→ GIVEN DATA
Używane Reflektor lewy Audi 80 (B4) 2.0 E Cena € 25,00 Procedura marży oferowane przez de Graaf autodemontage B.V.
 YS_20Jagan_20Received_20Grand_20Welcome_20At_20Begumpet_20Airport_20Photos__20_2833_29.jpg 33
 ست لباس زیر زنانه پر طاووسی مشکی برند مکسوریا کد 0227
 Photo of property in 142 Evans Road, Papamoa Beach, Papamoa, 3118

→ PROBLEM TO SOLVE
Your answer should consist of the material above, written out word for word.

→ RESULT OF THIS TASK
Używane Reflektor lewy Audi 80 (B4) 2.0 E Cena € 25,00 Procedura marży oferowane przez de Graaf autodemontage B.V.
 YS_20Jagan_20Received_20Grand_20Welcome_20At_20Begumpet_20Airport_20Photos__20_2833_29.jpg 33
 ست لباس زیر زنانه پر طاووسی مشکی برند مکسوریا کد 0227
 Photo of property in 142 Evans Road, Papamoa Beach, Papamoa, 3118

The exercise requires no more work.